Stomil Olsztyn – Zagłębie Sosnowiec 30.08.2019

W poprzednim sezonie nasz przeciwnik zaliczył nieudany epizod w Ekstraklasie który zakończył się powrotem na I ligowy plac boju. Tym samym nasze drogi skrzyżowały się ponownie i z końcem sierpnia, w ciepłe piątkowe popołudnie mogliśmy zobaczyć na naszym stadionie ekipę z Sosnowca wspieraną przez swoje zgody.
Fani Zagłębia dotarli na ten mecz autokarami a wspierani byli tego dnia przez 50 osób z Olimpii Elbląg, 15 Legia, 1 BKS Bielsko-Biała oraz 1 Czuwaj Przemyśl, łączna liczba fanów w klatce to 190 osób.
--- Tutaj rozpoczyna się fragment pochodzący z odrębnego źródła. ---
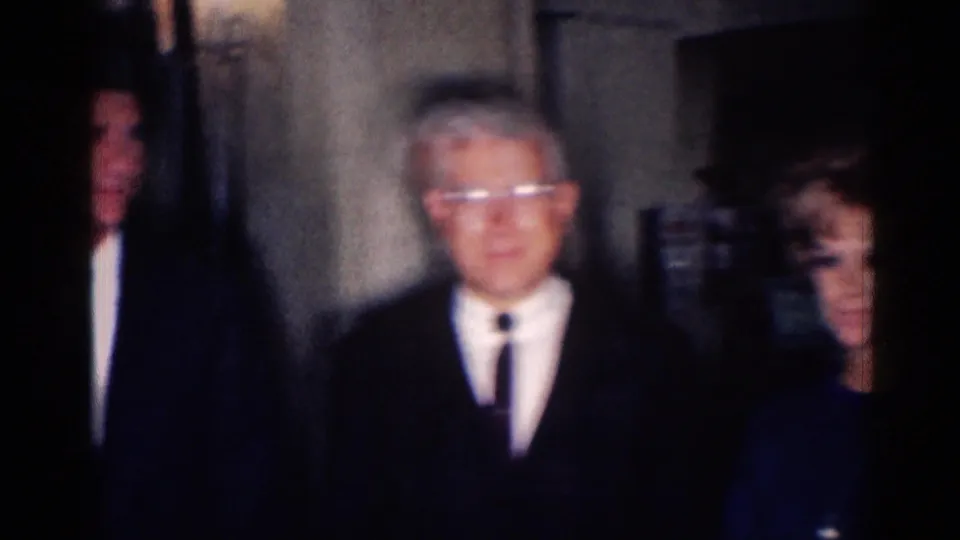 1967 Los Angeles frame with a suited man wearing glasses in a hallway, with other adults partly visible around him.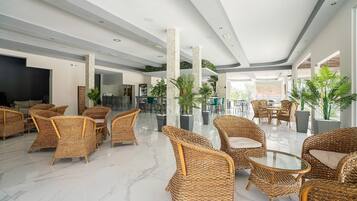 A spacious lobby with wicker furniture, a marble floor, and large windows allowing natural light.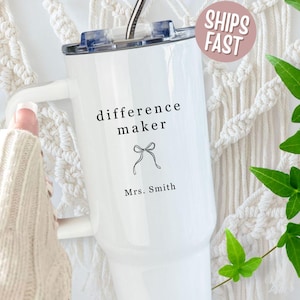 May include: White tumbler with a handle, featuring the text "difference maker" and a bow graphic. Below the bow is the name "Mrs. Smith". The tumbler has a lid and a straw. A pink sticker with "SHIPS FAST" is visible.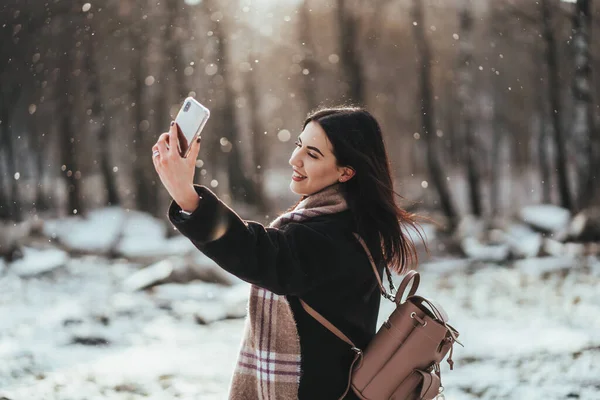 Feliz sorrindo adolescente ou jovem mulher tomando selfie por smartphone no parque de inverno — Fotografia de Stock
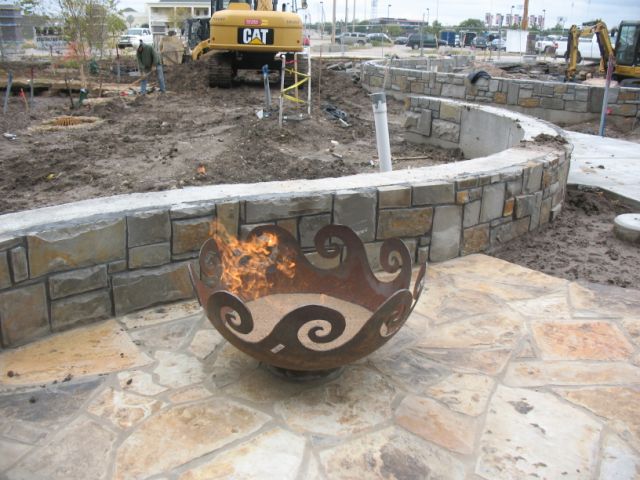 Waves Sculptural Fire Pit at WaterWalk Place in Wichita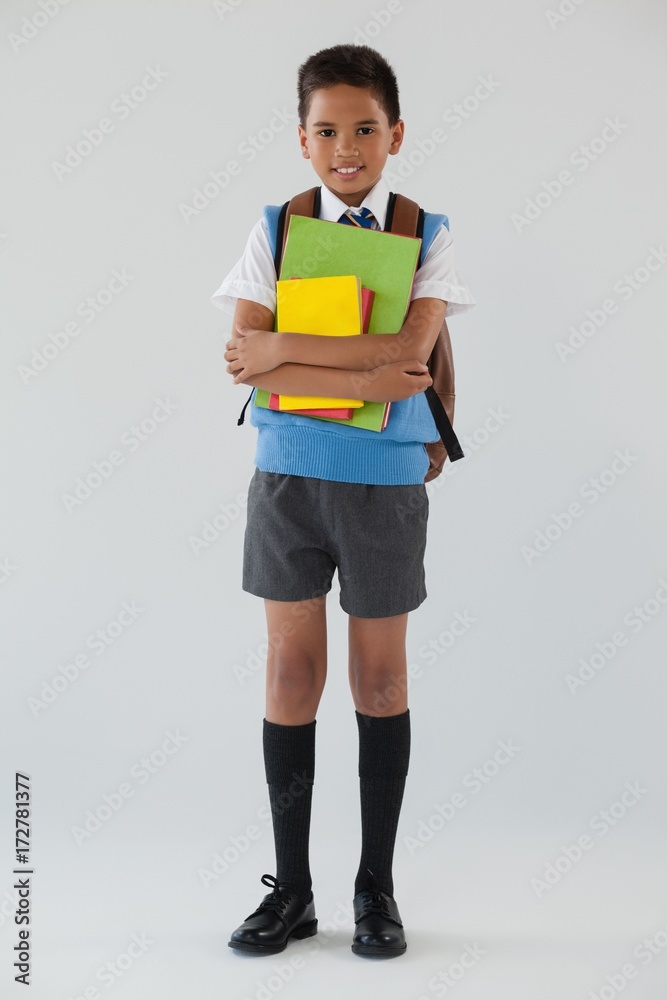 Schoolboy in school uniform with school bag on white background Schoolboy in school uniform with school bag on white background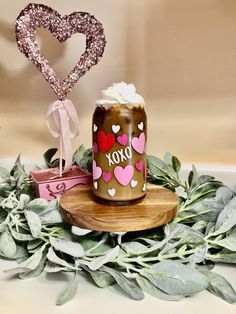 a mason jar sitting on top of a wooden table next to some leaves and hearts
Na płocie powiesili tego dnia dwie flagi, jedną Zagłębia oraz jedną Olimpii. To tyle jeżeli chodzi o przyjezdnych.

Z naszej strony prowadziliśmy mobilizację na ten mecz, po necie latają grafiki zachęcające do odwiedzenia P69a. Przynosi to dobry efekt bo na trybunach melduje się komplet publiczności a na samym młynie zbiera się ok. 700 Stomilowców. W tym miejscu po raz kolejny trzeba głośno i wyraźnie podkreślić jak potrzebny jest nowy obiekt w Olsztynie!
Płot olsztyńskiego stadionu został tego dnia szczelnie oflagowany, w drugiej połowie na przednim płocie zawisł również podwyższony trans przygotowany przez naszych ultrasów do oprawy, która miała się tego dnia pojawić. Hasło na transie to „White Blue Army”, do tego zaprezentowano pasy materiału w „szachownicę” oraz odpalono 30 świec dymnych w barwach.
Nasz doping tego dnia stał na wysokim poziomie i z naszej perspektywy goście słyszalni byli tylko w trakcie naszych krótkich przestojów. Nie obyło się bez obustronnych bluzgów, co oczywiście nie powinno nikogo dziwić. Niestety, mimo zostawienia serca na murawie nasi piłkarze przegrywają to spotkanie i 3 punkty jadą do Sosnowca.
Tego dnia byliśmy wspierani przez delegacje Lechii Gdańsk, ŁKS-u Łomża, Wisły Płock i Polonii Bydgoszcz, wielkie dzięki za wsparcie!